**Work instructions**
Word for word, restate the lines of the data below between those holding "SONOREX TECHNIK WG 210-4 Wannengestell Bild SONOREX" and "اعزام مسافر پرواز", inclusive; pictures do not belong in the copy.

**Material provided**
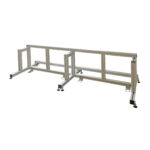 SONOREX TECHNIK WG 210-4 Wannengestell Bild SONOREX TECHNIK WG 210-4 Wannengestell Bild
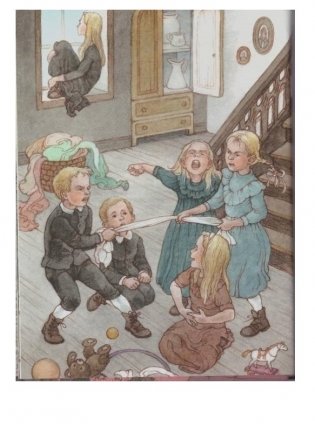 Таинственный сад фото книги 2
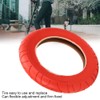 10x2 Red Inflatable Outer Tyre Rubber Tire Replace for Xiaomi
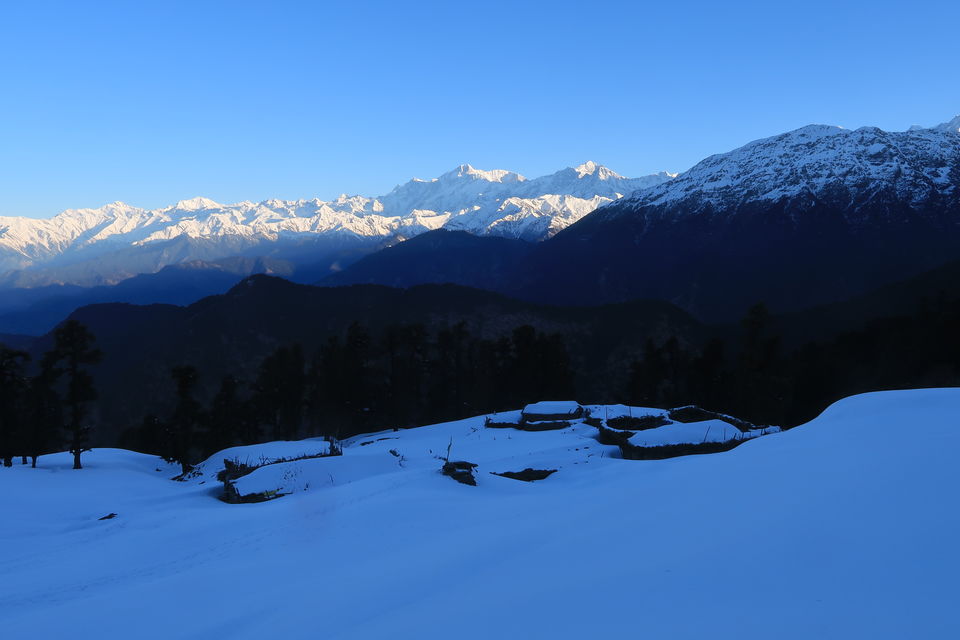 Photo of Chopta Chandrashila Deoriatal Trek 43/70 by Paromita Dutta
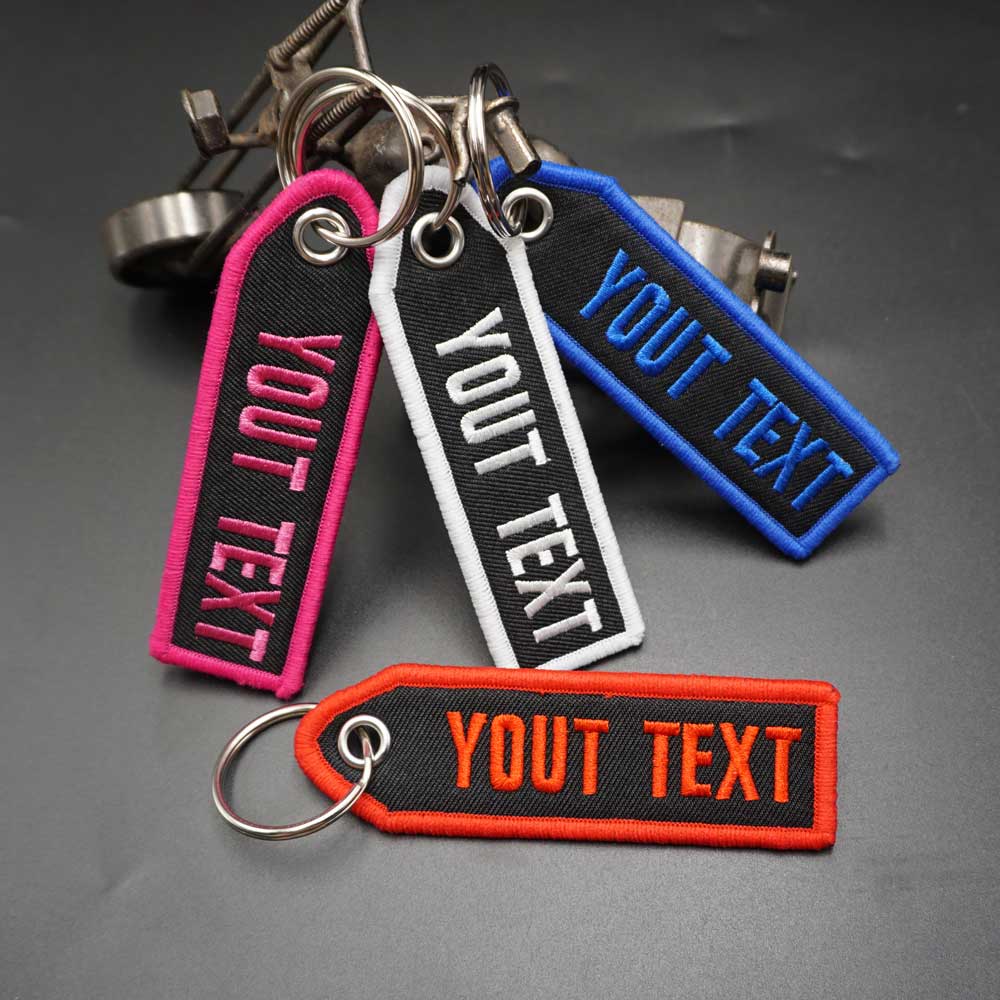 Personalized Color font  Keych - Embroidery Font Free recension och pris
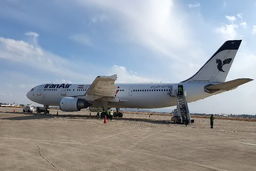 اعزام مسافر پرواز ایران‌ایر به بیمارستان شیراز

* * *

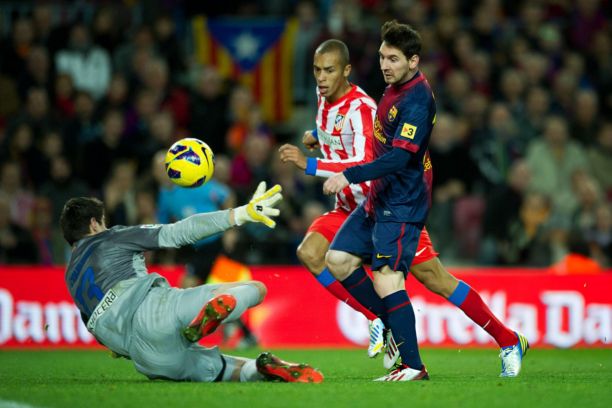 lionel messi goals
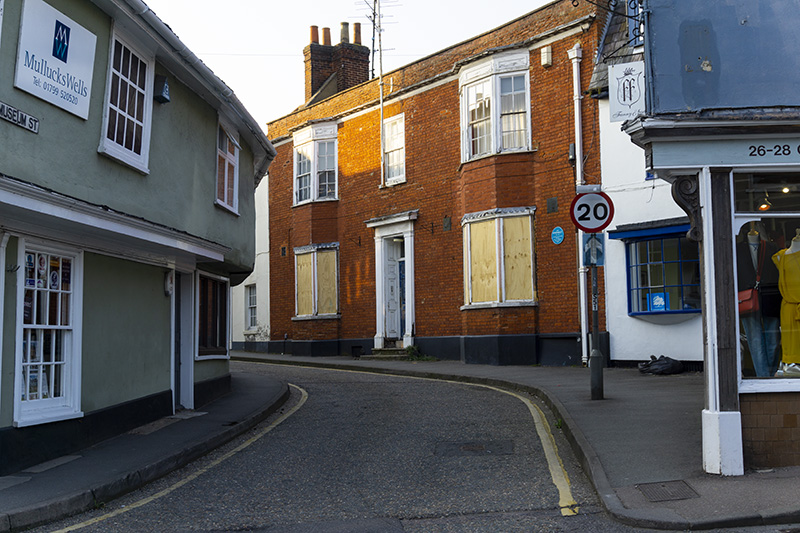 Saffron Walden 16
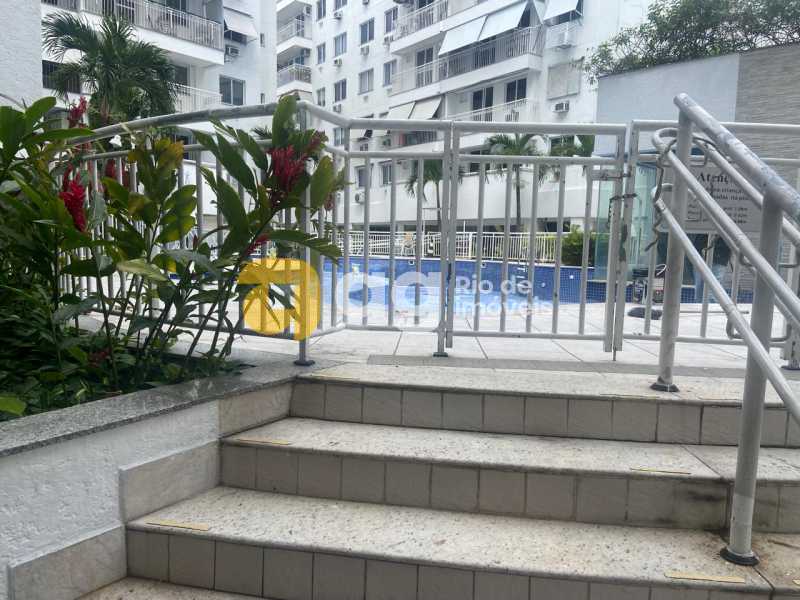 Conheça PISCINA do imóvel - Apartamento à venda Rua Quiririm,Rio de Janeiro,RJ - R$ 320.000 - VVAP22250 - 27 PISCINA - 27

**Exercise response**
 SONOREX TECHNIK WG 210-4 Wannengestell Bild SONOREX TECHNIK WG 210-4 Wannengestell Bild
 Таинственный сад фото книги 2
 10x2 Red Inflatable Outer Tyre Rubber Tire Replace for Xiaomi
 Photo of Chopta Chandrashila Deoriatal Trek 43/70 by Paromita Dutta
 Personalized Color font  Keych - Embroidery Font Free recension och pris
 اعزام مسافر پرواز ایران‌ایر به بیمارستان شیراز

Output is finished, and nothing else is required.